The business is part of LHP Capital, led by Phil Lawson and launched in 2015 after operating as Lawler Wood Housing Partners for many years. The company owns more than 9,400 affordable housing units.
Hagan discusses what’s in store for LHP's development arm.
How did you get started in affordable housing?
After graduating from college and completing a three-year, in-house credit training program within First Tennessee Bank in Memphis in the late '90s, I accepted a placement within the bank’s direct investment department that worked with affordable housing developer clients. In 2002, one of those clients, Lawler Wood Housing offered me a role to join them as vice president of development. I’ve been here ever since.
What does LHP Development have planned for 2016?
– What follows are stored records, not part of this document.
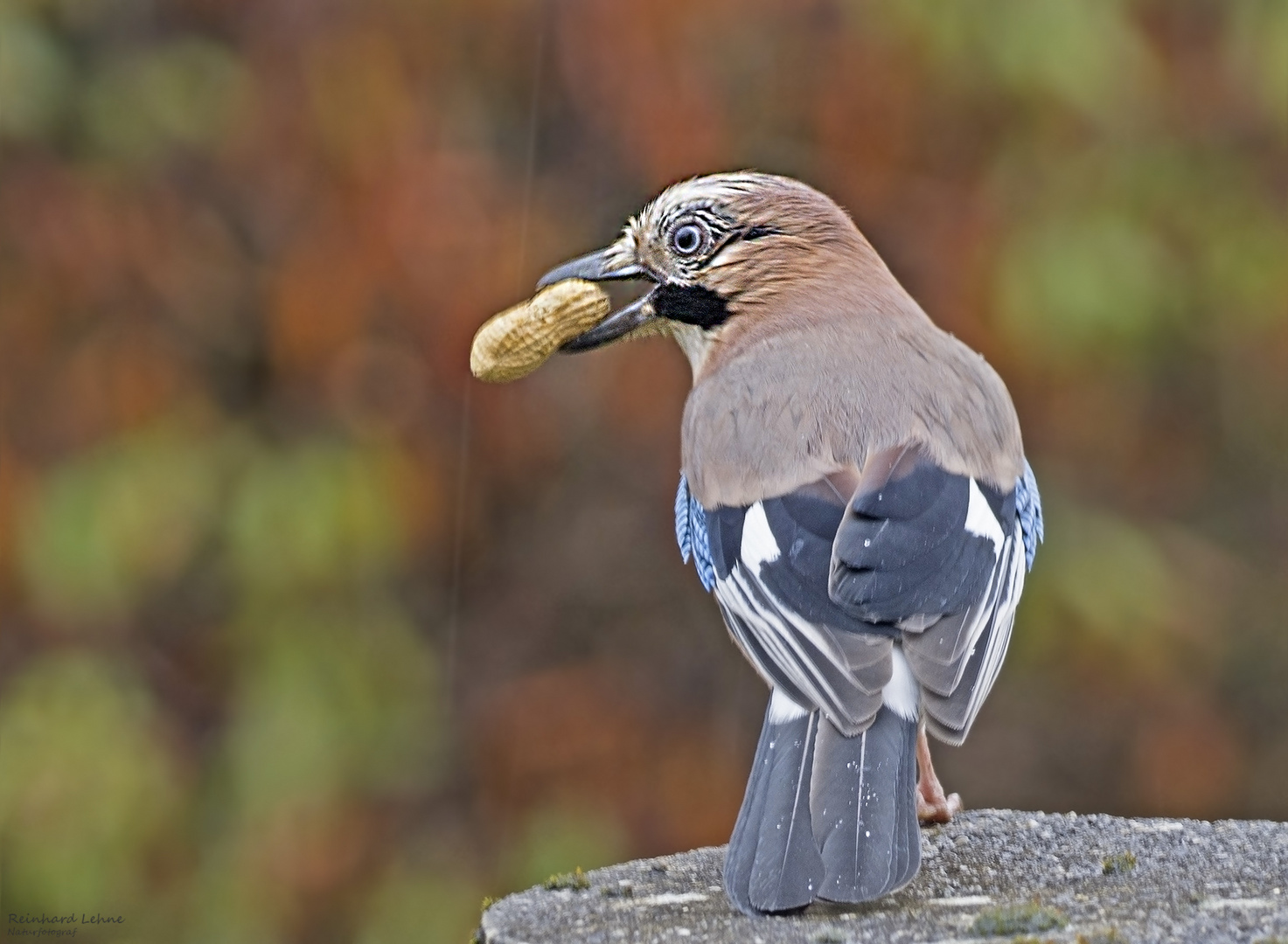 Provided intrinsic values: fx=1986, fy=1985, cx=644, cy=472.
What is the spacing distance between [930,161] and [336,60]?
1882mm

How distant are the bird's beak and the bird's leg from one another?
1.19m

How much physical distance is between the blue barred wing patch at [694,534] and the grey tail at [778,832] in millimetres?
559

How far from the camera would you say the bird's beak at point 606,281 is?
15.2 feet

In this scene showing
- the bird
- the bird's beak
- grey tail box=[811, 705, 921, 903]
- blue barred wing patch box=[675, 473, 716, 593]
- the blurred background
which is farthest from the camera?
the blurred background

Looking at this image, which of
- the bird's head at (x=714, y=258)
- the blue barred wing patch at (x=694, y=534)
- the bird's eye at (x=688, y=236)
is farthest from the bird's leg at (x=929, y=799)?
the bird's eye at (x=688, y=236)

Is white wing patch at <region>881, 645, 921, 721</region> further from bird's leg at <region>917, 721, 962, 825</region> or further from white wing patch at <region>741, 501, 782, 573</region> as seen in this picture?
bird's leg at <region>917, 721, 962, 825</region>

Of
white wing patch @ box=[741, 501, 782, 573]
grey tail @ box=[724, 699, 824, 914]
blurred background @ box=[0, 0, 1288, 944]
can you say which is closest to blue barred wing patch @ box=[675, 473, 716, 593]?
white wing patch @ box=[741, 501, 782, 573]

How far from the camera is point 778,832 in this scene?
10.8 ft

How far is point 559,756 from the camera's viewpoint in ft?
20.5

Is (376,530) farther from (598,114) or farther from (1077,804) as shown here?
(1077,804)

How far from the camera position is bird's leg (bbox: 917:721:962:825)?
4.13 m

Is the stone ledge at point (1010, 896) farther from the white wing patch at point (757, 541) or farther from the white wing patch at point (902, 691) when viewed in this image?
the white wing patch at point (757, 541)

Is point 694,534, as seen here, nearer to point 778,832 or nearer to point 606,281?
point 606,281

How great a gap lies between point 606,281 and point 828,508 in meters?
1.22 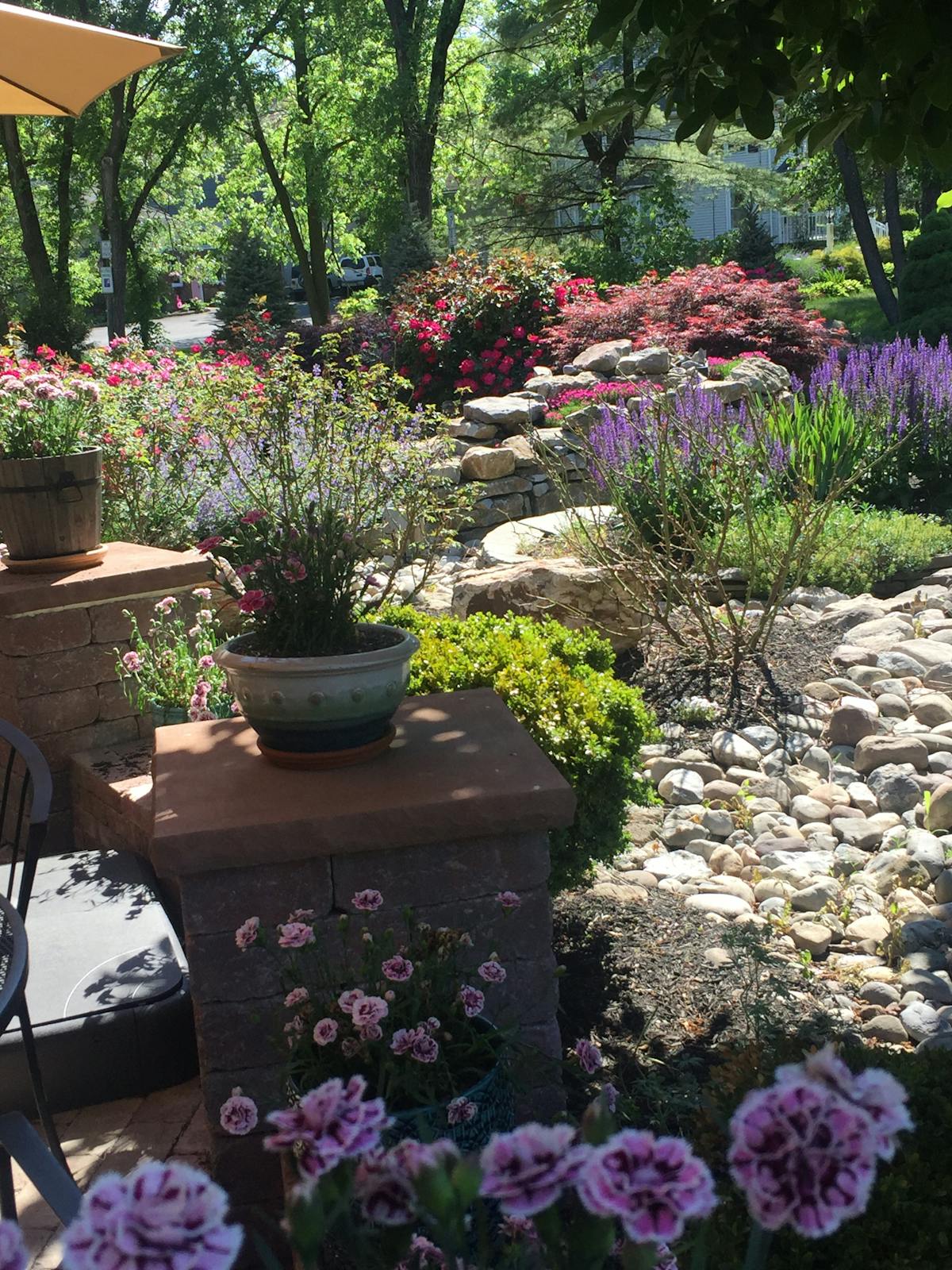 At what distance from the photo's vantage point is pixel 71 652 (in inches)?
164

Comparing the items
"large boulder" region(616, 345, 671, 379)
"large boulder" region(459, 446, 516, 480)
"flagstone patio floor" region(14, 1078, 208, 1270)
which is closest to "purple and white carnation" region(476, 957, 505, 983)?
"flagstone patio floor" region(14, 1078, 208, 1270)

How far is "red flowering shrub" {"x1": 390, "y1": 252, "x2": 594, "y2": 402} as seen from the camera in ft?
40.9

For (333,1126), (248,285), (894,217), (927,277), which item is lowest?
(333,1126)

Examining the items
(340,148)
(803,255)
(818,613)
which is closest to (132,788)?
(818,613)

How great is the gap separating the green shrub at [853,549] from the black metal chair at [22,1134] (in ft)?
15.5

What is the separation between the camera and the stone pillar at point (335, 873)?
7.14 feet

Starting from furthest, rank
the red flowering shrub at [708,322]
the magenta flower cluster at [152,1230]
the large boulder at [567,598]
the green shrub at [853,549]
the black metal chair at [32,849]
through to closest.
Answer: the red flowering shrub at [708,322]
the green shrub at [853,549]
the large boulder at [567,598]
the black metal chair at [32,849]
the magenta flower cluster at [152,1230]

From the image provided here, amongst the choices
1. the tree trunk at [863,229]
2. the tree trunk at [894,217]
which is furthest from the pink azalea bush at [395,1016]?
the tree trunk at [894,217]

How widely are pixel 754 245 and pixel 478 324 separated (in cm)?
1114

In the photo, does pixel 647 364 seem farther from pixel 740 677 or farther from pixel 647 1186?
pixel 647 1186

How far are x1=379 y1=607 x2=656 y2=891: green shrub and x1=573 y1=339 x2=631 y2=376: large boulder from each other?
747 centimetres

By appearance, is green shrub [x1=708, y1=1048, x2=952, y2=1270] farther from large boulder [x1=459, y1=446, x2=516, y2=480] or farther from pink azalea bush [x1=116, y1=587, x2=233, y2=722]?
large boulder [x1=459, y1=446, x2=516, y2=480]

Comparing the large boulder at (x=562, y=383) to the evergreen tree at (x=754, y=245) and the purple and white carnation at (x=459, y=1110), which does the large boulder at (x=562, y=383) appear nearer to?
the purple and white carnation at (x=459, y=1110)

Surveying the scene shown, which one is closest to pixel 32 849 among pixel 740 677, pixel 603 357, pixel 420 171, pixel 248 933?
pixel 248 933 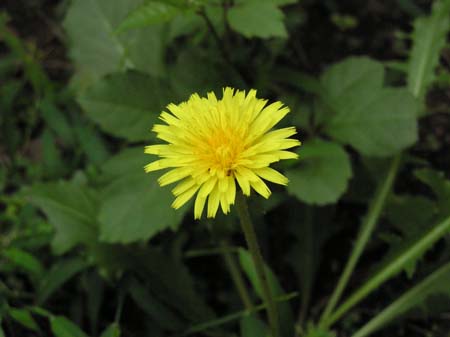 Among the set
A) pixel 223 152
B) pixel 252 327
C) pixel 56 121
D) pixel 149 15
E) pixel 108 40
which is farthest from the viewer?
pixel 56 121

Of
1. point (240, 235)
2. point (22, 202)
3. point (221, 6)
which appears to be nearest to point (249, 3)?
point (221, 6)

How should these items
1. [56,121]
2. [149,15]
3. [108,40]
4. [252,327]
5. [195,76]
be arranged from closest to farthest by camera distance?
[252,327] < [149,15] < [195,76] < [108,40] < [56,121]

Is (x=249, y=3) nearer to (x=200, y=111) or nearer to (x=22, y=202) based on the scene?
(x=200, y=111)

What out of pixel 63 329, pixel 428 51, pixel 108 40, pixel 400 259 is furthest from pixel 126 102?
pixel 428 51

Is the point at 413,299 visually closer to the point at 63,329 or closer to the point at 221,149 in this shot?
the point at 221,149

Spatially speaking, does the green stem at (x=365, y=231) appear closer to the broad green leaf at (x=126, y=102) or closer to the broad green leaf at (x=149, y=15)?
the broad green leaf at (x=126, y=102)

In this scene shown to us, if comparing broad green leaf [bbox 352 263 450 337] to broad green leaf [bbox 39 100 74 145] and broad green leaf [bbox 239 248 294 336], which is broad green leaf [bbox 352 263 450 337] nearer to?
broad green leaf [bbox 239 248 294 336]

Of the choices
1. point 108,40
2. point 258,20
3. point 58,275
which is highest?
point 108,40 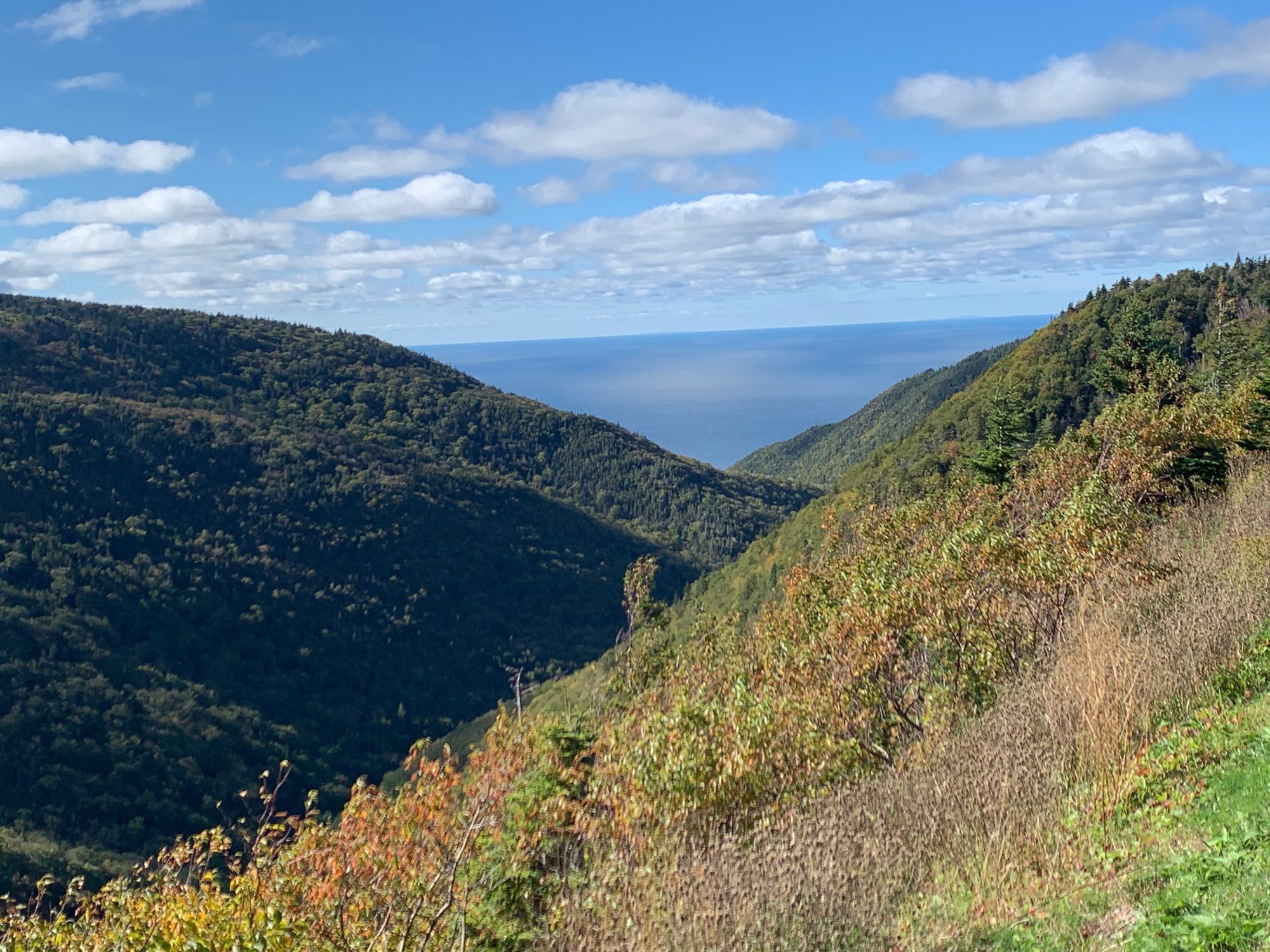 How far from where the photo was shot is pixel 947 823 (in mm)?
5652

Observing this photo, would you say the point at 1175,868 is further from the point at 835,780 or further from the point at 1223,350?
the point at 1223,350

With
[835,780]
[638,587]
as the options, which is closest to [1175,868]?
[835,780]

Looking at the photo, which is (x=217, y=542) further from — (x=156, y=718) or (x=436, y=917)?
(x=436, y=917)

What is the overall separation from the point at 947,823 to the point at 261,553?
120460 mm

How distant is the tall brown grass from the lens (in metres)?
4.86

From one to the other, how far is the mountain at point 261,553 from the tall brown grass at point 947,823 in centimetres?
6384

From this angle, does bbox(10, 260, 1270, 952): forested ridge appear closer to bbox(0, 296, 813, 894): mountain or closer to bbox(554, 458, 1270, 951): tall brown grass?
bbox(554, 458, 1270, 951): tall brown grass

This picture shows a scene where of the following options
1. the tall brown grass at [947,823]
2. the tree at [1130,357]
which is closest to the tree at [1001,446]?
the tree at [1130,357]

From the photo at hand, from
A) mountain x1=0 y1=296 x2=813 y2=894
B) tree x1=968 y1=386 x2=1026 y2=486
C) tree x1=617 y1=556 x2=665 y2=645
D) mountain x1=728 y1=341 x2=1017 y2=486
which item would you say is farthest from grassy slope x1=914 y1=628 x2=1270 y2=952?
mountain x1=728 y1=341 x2=1017 y2=486

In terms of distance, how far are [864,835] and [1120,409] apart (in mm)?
23285

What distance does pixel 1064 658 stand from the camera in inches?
291

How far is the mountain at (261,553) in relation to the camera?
245 feet

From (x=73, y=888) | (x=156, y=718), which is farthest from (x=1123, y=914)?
(x=156, y=718)

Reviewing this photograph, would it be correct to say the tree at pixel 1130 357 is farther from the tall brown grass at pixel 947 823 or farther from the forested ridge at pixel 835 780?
the tall brown grass at pixel 947 823
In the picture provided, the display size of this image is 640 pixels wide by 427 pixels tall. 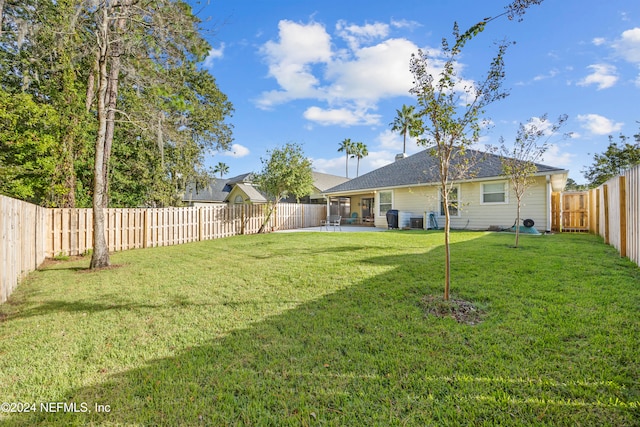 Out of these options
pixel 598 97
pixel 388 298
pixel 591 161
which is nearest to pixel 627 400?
pixel 388 298

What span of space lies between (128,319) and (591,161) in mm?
35467

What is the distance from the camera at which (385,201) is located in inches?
715

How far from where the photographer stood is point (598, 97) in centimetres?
1286

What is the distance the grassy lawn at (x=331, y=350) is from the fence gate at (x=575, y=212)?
32.6ft

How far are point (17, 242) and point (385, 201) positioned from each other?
1610 centimetres

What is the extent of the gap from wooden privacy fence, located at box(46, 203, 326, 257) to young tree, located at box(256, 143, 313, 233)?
1.96 meters

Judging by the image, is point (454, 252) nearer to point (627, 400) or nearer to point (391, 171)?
point (627, 400)

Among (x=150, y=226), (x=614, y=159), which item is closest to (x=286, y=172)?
(x=150, y=226)

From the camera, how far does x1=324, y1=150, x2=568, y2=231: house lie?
1251cm

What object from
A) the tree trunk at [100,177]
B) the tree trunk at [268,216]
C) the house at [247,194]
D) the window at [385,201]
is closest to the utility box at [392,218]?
the window at [385,201]

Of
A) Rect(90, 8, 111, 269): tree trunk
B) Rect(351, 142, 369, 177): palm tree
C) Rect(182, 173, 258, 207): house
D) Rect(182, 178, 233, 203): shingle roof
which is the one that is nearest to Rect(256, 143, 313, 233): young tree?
Rect(90, 8, 111, 269): tree trunk

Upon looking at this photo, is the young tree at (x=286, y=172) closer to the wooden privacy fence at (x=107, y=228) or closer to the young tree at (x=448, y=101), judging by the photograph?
the wooden privacy fence at (x=107, y=228)

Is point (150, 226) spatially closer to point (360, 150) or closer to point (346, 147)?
point (360, 150)

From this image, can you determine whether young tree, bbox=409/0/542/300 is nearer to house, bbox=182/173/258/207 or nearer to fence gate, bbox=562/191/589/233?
fence gate, bbox=562/191/589/233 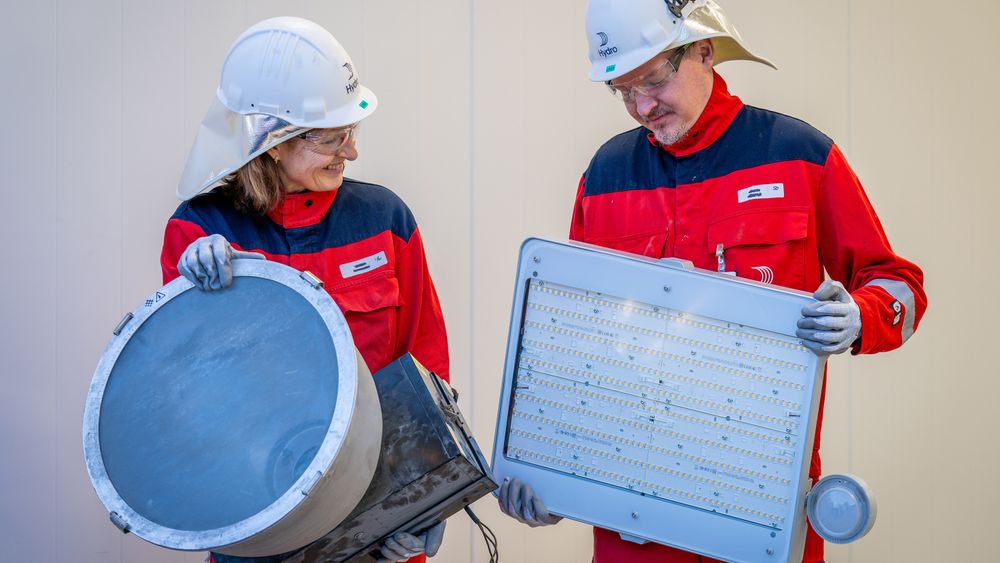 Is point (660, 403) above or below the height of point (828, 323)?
below

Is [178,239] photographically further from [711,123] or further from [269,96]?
[711,123]

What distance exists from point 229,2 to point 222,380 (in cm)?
182

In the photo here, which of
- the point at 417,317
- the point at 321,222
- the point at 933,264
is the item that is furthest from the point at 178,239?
the point at 933,264

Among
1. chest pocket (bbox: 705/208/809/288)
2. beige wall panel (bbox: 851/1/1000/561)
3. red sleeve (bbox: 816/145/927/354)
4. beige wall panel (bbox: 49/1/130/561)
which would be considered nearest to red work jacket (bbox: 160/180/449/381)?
chest pocket (bbox: 705/208/809/288)

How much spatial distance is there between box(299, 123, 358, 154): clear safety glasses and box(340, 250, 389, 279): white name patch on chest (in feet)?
0.81

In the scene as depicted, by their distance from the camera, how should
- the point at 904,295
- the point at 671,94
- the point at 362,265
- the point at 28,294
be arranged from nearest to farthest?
the point at 904,295, the point at 671,94, the point at 362,265, the point at 28,294

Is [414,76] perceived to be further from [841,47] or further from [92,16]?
[841,47]

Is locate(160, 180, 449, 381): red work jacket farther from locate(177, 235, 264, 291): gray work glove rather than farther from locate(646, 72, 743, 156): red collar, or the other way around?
locate(646, 72, 743, 156): red collar

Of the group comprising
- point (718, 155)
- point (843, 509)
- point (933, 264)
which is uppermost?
A: point (718, 155)

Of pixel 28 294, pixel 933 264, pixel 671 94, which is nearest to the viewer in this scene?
pixel 671 94

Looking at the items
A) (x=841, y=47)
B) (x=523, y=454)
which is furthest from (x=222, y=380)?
(x=841, y=47)

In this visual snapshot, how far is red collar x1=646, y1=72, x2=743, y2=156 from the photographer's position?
1994 mm

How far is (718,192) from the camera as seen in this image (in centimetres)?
196

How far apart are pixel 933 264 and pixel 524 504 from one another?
7.33ft
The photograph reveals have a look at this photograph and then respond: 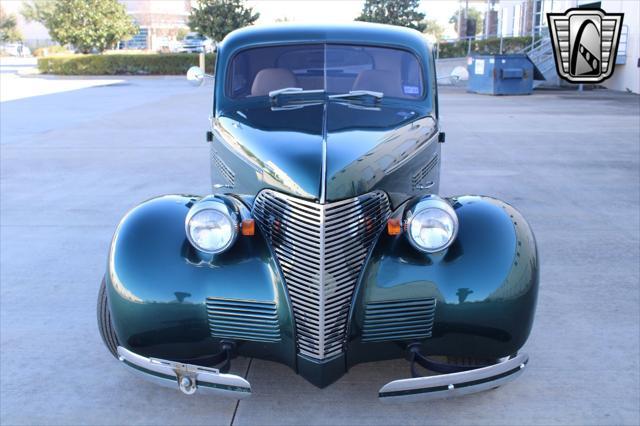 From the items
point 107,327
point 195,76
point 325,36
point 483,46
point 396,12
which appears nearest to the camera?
point 107,327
We strive to maintain a better balance of 4% low-income housing tax credit (LIHTC) and bond transactions with 9% LIHTC deals. The timing, competitive uncertainty, and often scoring-incentivized design mandates that come with the pursuit of 9% LIHTC often negate some of the additional equity windfall that comes with that deeper capital subsidy. We are finding 4% LIHTC working quite well for larger existing properties in bigger markets with strong rents so long as the capital needs of these properties haven’t been neglected for too long. We’ve executed 4% LIHTC funded rehabiltations in these type markets over the last couple of years in the $40,000, $50,000,even as high as $60,000 per unit construction budget when other factors work out favorably. However, that is not to say that there still aren’t many older existing affordable housing developments where 9% credits are an absolute necessity to ensure future viability.
How is the firm changing?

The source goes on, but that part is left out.